To the suggestion from the Home Secretary, Lord Sydney, that it was impolitic to put "affluent settlers and persons of a different description, particularly people of colour" on an "equal footing", Despard replied "the laws of England ... know no such distinction". He characterized the Baymen as an "arbitrary aristocracy", buttressing his argument with the results of the magistracy election in which he won a resounding majority on an unprecedented turnout. Persuaded by the Baymen's entreaty that under "Despard's constitution" the "negroes in servitude, observing the now exalted status of their brethren of yesterday [the free, and now propertied, blacks among the Shoremen] would be induced to revolt, and the settlement must be ruined", in 1790 Sydney's successor, Lord Grenville, recalled Despard to London (where, as a result of his subsequent association with United Irishmen and British republicans, in 1803 he was executed for treason)

The Baymen reluctantly employed slaves against the Spanish in the Battle of St. George's Caye in 1798, but entirely reversed Despard's policies. by the 1820s the settlement had seven legally distinct castes based on skin colour. Great Britain ended slavery in the Bay in 1838. Initially the planters refused to sell land to freedmen. But Belizean slaveowners received the highest compensation, of more than 50 pounds, for selling plots of emancipated territories. Full British sovereignty was finally asserted in 1862, with the territory administered as the Crown colony of British Honduras.

=== Conflict with the Maya ===
The Maya peoples of Belize had suffered from extended conflict over the centuries with the Spanish. Some had retreated to or already occupied the depths of the dense forests of central and western Belize. Buccaneers had frequently raided most of the coastal settlements, stealing crops, and taking men and women as slaves. Some Mayan slaves were sold in the British colony of Jamaica, and shipped for sale to their colonies of Virginia and the Carolinas.

When the supply of logwood began to diminish, and prices fell in Europe because other dyestuffs became available, the Baymen began to cut tropical cedar and mahogany.
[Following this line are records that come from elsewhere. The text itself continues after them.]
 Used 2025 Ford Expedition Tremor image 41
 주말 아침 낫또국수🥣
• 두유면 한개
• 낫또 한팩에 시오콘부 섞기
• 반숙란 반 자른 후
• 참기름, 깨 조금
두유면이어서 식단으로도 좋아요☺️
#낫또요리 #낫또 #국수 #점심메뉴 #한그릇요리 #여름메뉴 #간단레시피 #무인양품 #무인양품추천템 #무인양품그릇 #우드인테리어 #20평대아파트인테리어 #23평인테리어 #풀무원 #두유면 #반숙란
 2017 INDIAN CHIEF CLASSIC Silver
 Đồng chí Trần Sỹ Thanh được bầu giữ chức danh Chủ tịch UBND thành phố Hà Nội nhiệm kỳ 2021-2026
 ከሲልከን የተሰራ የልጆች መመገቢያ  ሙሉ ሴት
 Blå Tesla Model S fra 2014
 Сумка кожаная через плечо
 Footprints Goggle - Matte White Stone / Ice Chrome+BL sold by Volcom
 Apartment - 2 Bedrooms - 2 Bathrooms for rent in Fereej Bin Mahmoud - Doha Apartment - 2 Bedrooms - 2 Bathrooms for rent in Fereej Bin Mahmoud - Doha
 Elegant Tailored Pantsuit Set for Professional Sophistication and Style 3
They had to go deeper into the forests for this wood, where they began to have hostile encounters with Maya villages. The Baymen reported attacks in 1788 and 1802.

But the main thrust of the Baymen clash with the Maya came in Corozal and Orange Walk districts as part of the Caste War. Belizean Maya challenged lumber encampments established by the Baymen, with limited success. Maya resistance continued until the 1870s, though by the late 19th century, the end of the Caste War brought such conflicts to a close.

=== Conflict with the Garifuna ===
The Garinagu people had an ambivalent relationship with the Baymen. While the Baymen valued the Garinagu's agricultural skills, they wanted them to submit to European control and help capture refugee slaves. The Baymen began a campaign of misinformation, saying the Garinagu had practices of "devil worshipping" and "baby eating." This poisoned relationships between the Creoles and "Kerobs", as they were derogatorily called.